Just remembered 'novel' is also roman in Russian. Anyone know about the etymology of this word (roman)?
From Old French romanz (“common language (as opposed to Latin)”), from Medieval Latin rōmānicē, Vulgar Latin *romanicē (“in the way of the Romans (as opposed to the Franks)”) from Latin rōmānicus rōmānus. The meaning “common language” changed into “book in common language” and then into “adventure novel”.
Yes, as well as roman has the second meaning - (love) affair in Russian. Sorry for offtopic
I just want to point out that roman in Swedish does not have that extra meaning – that would be romans.
Why is the translation '...reads a novel' not accepted?
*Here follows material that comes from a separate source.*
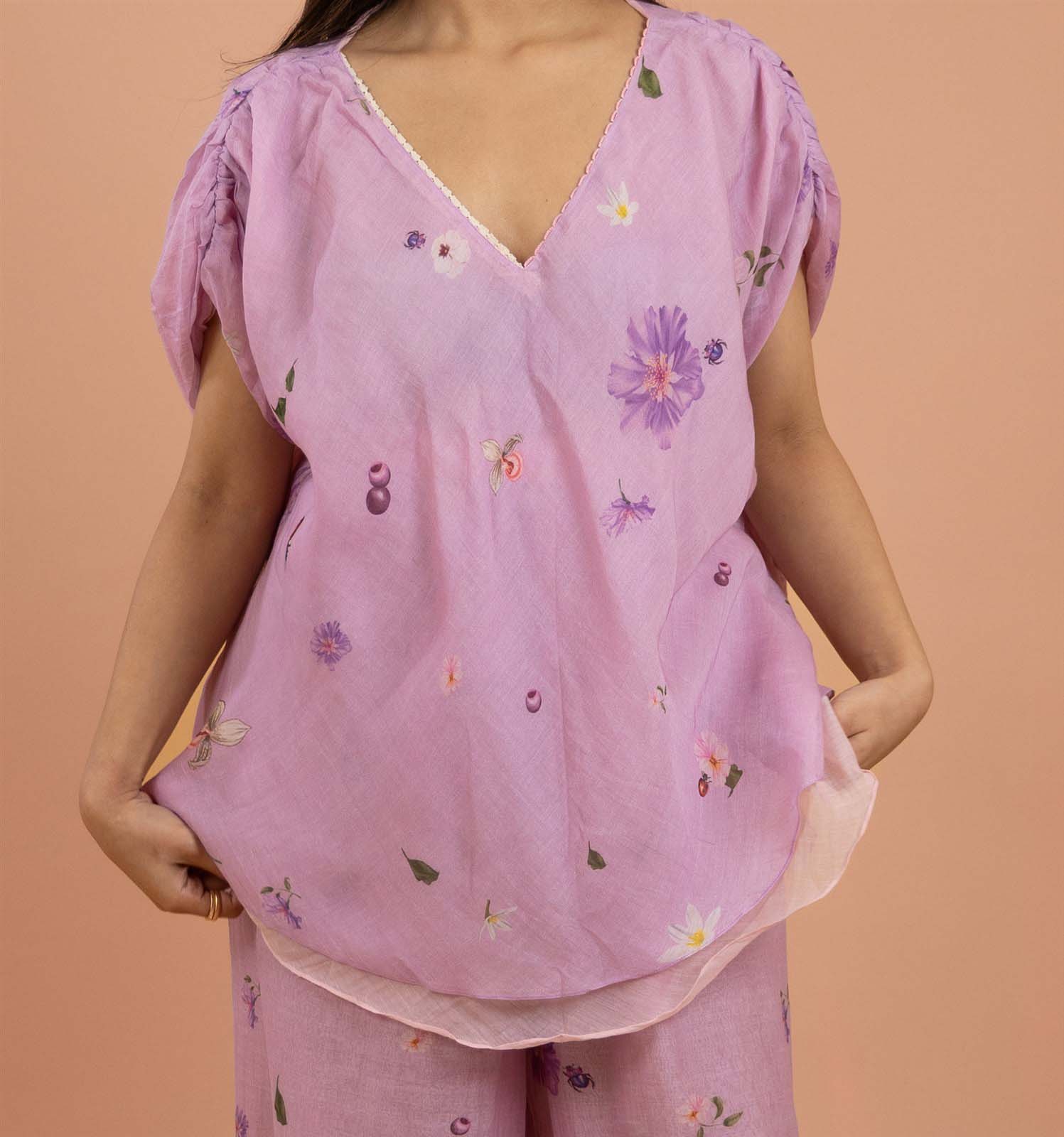 Blush Floral Co-ord Set- Reversible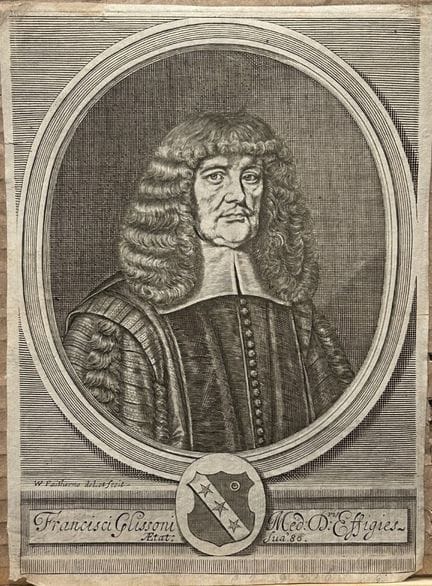 William Faithorne line engraving of Francis Glisso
Does it really have to be 'is reading '?
Yes, this is something that annoys me too, but they seem to switch it up between levels so either is acceptable, I believe.
Thats the exact answer I gave and it said it was wrong that it should have been The lady is ready 1 novel ??!
In english I think it would be quite rare to say "reading a novel" without a categorisation of the style e.g. romance novel, crime novel...would this be the same in Swedish?
I'd say no. It's perfectly fine to just say "... läser en roman.", or even "... läser en bok.".
Btw, the Swedish word for crime novel is deckare. Note that there is no roman there. Just deckare. So you would say "Kvinnan läser en deckare.".